F or a few days, I’m here in the Old World, starting in Paris and then heading to Maastricht for the European Fine Art Fair next week and Amsterdam for the Frans Hals retrospective. Paris is on the verge of the summer Olympics, so the city, which is always lovely, seems to sparkle in look and mood. A restored Notre Dame opens in December after the terrible fire in 2019 gutted it and nearly toppled it.

Early in February, farmers and truckers clogged main roads into Paris, enraged by President Macron’s crackpot climate program. They hoped to show bloated plutocrats that they could put them on a diet of grass clippings. The government took steps to make them less enraged, and roads are open to deliveries of oysters. All in the cause of ensuring peace and delight as long as I’m here and, as far as the bloated bureaucrats are concerned, when the Olympics come to town.

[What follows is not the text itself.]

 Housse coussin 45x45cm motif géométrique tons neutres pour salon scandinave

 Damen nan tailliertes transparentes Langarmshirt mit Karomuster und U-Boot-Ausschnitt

The French are unperturbed on the coming onslaught. The games start on July 28, on the eve of their traditional one-month summer vacation.

View of the dining room at the Hotel de la Marine. (Brian Allen)

There’s a giant Mark Rothko retrospective on view at the Vuitton Foundation. The Hotel de la Marine on the Place de la Concorde is a new museum that opened in splendor in 2021. It was long the headquarters of the French navy, but, during Louis XVI’s disastrous reign, it was the Garde-Meuble. That was the headquarters for the king’s decorators and the design center for the French aristocracy. It’s open now as a showplace of high establishment taste from the 1760s until 1793, when heads started to roll like bowling balls on Saturday night. It’s gorgeous. And the Bourse, once the headquarters of Paris’s stock market, is now a gallery for the contemporary art collection of billionaire François Pinault.

Left: Lacoste Couture Polo Dress, by Freaky Debbie. (Photo: David Hugonot Petit) Right: Jeanne Lanvin, 1928 Winter Sport, drawing in gouache. (© Patrimoine Lanvin)

Setting the stage for the Olympics is Mode et sport, d’un podium à l’autre, which athletically flows from the tongue in French but in English means “Fashion and Sport: From One Podium to Another.” It’s the engaging, educational, new exhibition at the Louvre’s Museum of Decorative Arts. I know next to nothing about sports or sports fashion, but fashion is art as well as heritage. I enjoyed it.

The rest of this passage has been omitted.